Records for this task below:

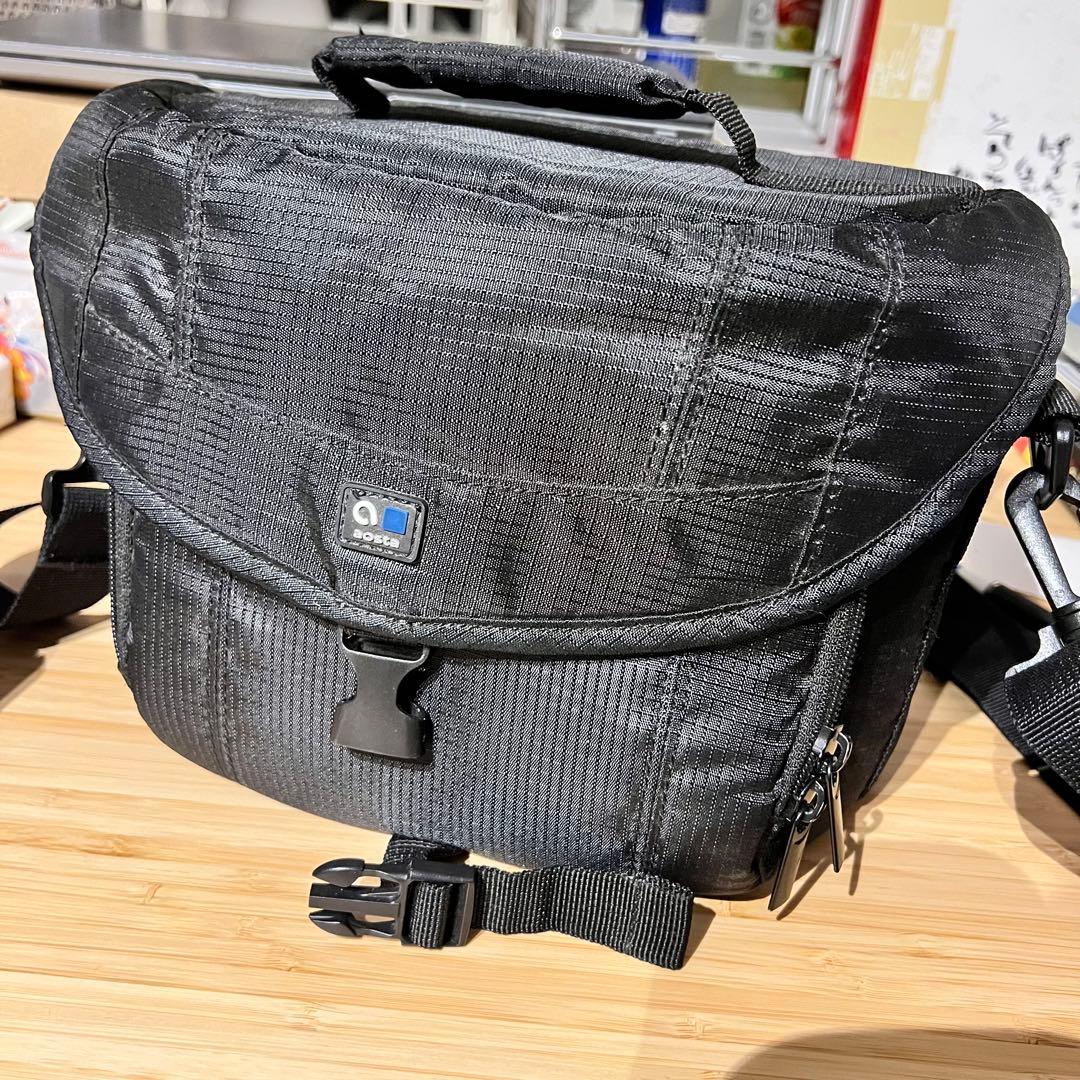 SONY FDR-AX60【メルカリ最安早い者勝ち】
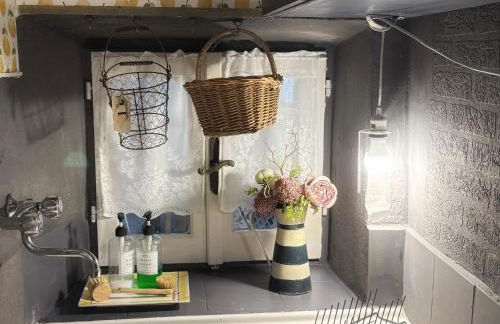 La casa dei nonni - Foto 14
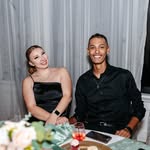 Devante Keim-Owens - @devantekowens9 - Instagram
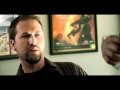 Rooster Teeth's Prank King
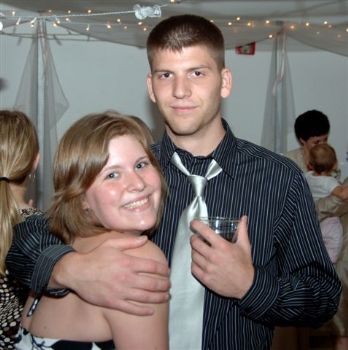 JACKIEANDY profile photo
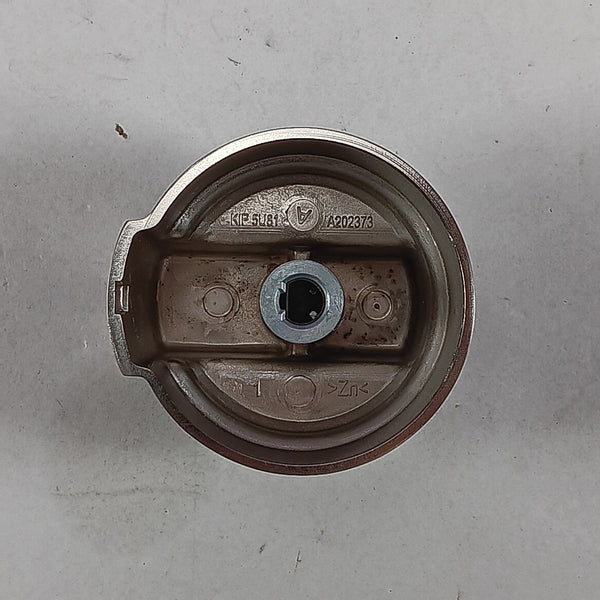 Electrolux Range Knobs 5304533889 Range Electrolux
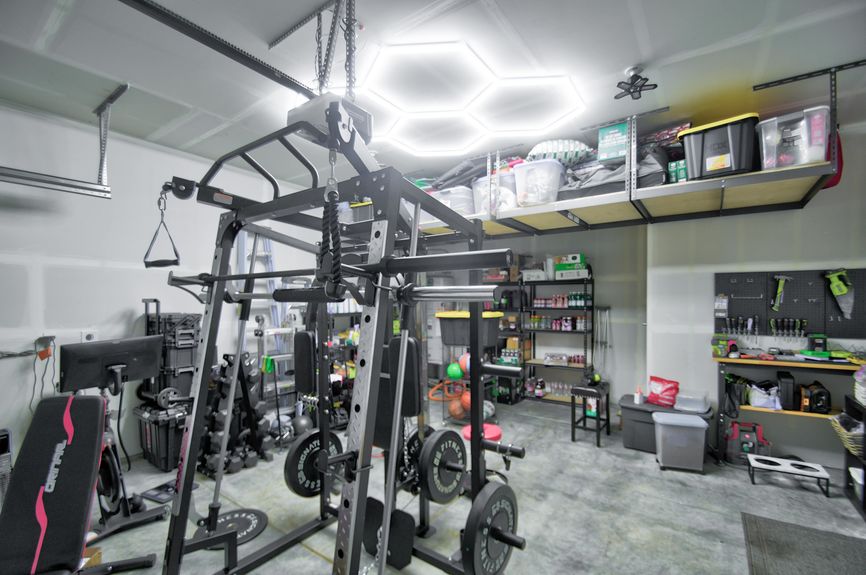 DSC_4158And8more-min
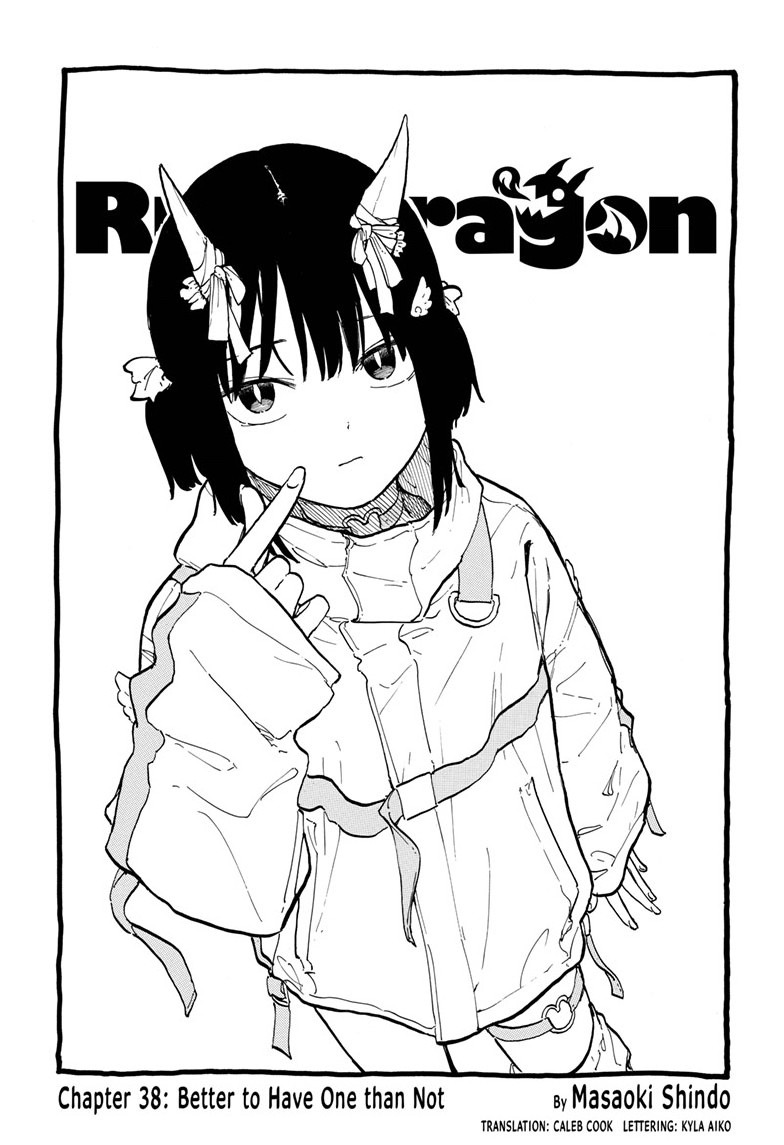 ruridragon, ch. 38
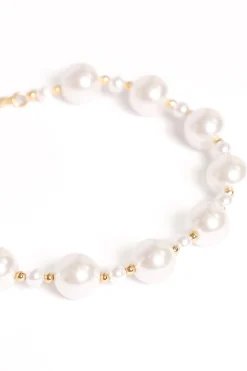Harper Bracelet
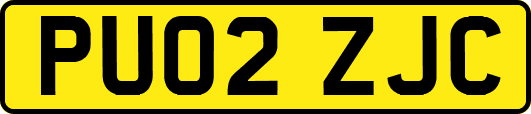 PU02ZJC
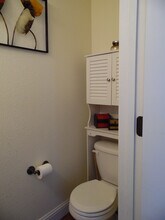 4113 Gunsmoke Rd in Cheyenne, WY - Building Photo - Building Photo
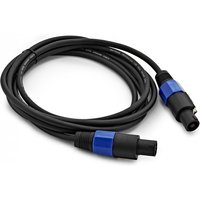 Read more about the article 2 Pole Speaker Cable 3m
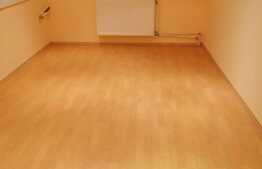 SUPER OFERTA !!! Apartament de vanzare in zona Nufarul cu 3 camere !!!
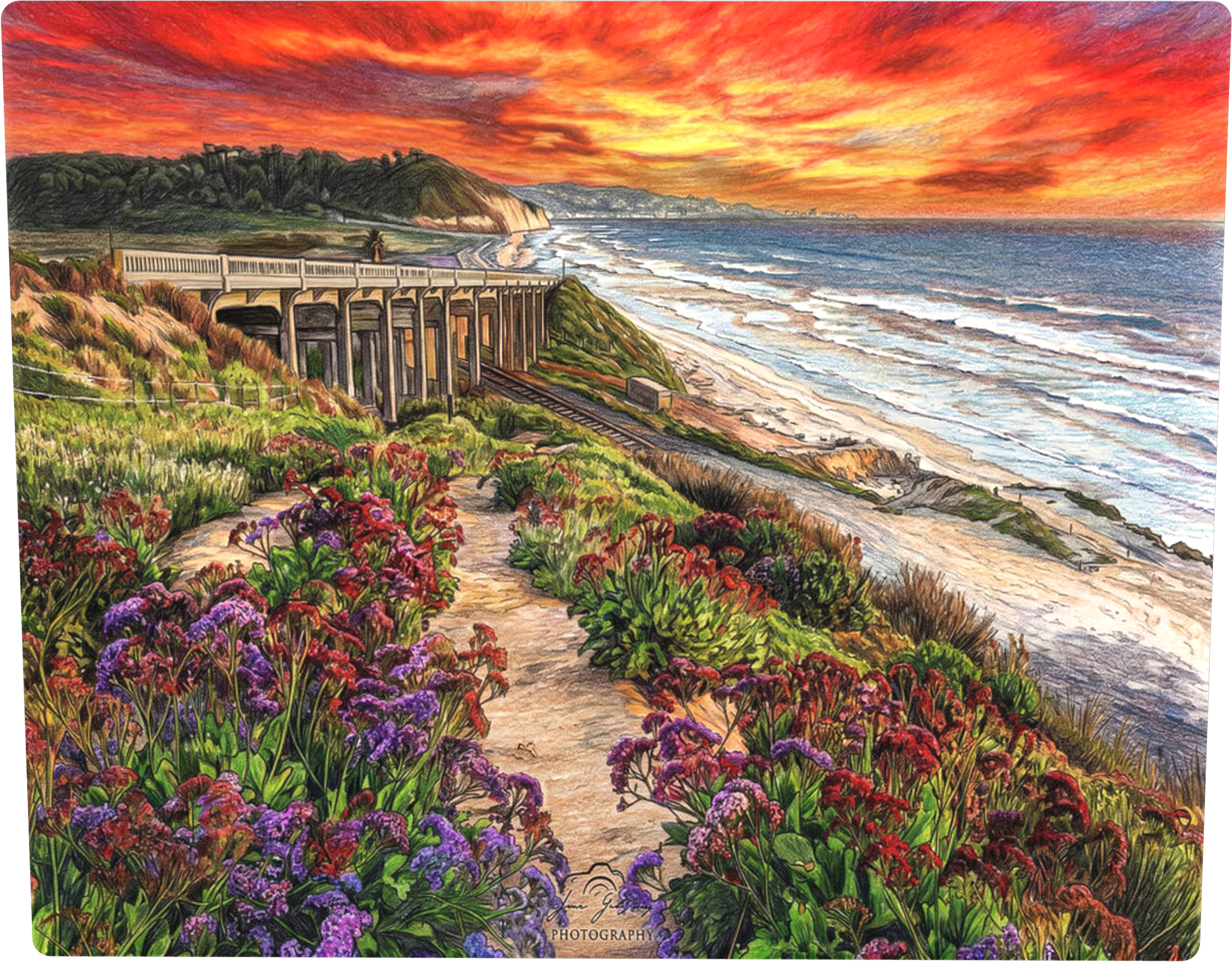 fineartamerica_com - Dynamic product (14).png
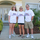 Mickey_homes_team1small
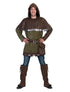 Costume Uomo Robin Hood Tg 52/54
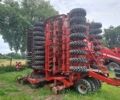 Хорш Другая, об'ємом двигуна 0 л та пробігом 0 тис. км за 49020 $, фото 3 на Automoto.ua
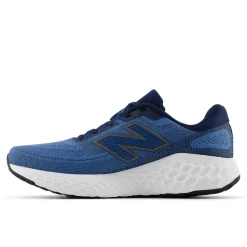 New Balance Juoksu- Ja Treenikengät*juoksukengät FreshFoam Evoz v4 SEA STONE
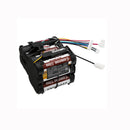 Cameron Sino Cs Aec828Vx 2000Mah Battery For Electrolux Eup84Db Vacuum
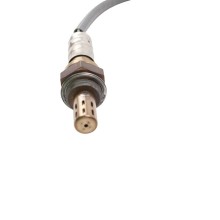 Lambda Sensor BOGAP W6119102 OE Ref 55205018 BOGAP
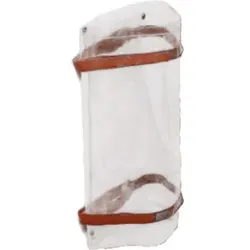 KS Tools Sicherheitsfolie, 915x510mm
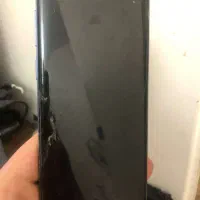 S9+ تعمیری روشن نمیشه مناسب تعمیر کار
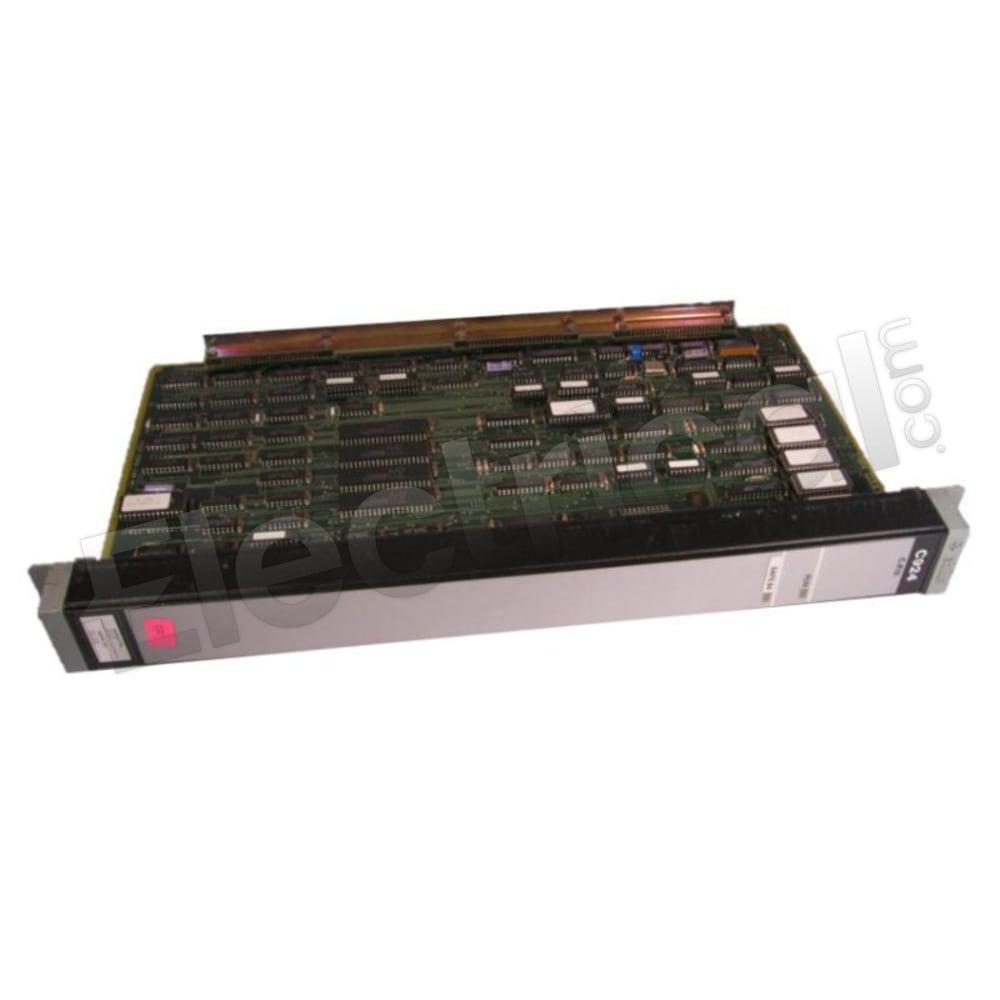 AM-C924-000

End of Records for this task.

### What you need to do
Write the lines out again exactly, beginning at the one containing "4113 Gunsmoke Rd" and ending with the last line of the entries, but without any pictures.

### Response to this exercise
 4113 Gunsmoke Rd in Cheyenne, WY - Building Photo - Building Photo
 Read more about the article 2 Pole Speaker Cable 3m
 SUPER OFERTA !!! Apartament de vanzare in zona Nufarul cu 3 camere !!!
 fineartamerica_com - Dynamic product (14).png
 Mickey_homes_team1small
 Costume Uomo Robin Hood Tg 52/54
 Хорш Другая, об'ємом двигуна 0 л та пробігом 0 тис. км за 49020 $, фото 3 на Automoto.ua
 New Balance Juoksu- Ja Treenikengät*juoksukengät FreshFoam Evoz v4 SEA STONE
 Cameron Sino Cs Aec828Vx 2000Mah Battery For Electrolux Eup84Db Vacuum
 Lambda Sensor BOGAP W6119102 OE Ref 55205018 BOGAP
 KS Tools Sicherheitsfolie, 915x510mm
 S9+ تعمیری روشن نمیشه مناسب تعمیر کار
 AM-C924-000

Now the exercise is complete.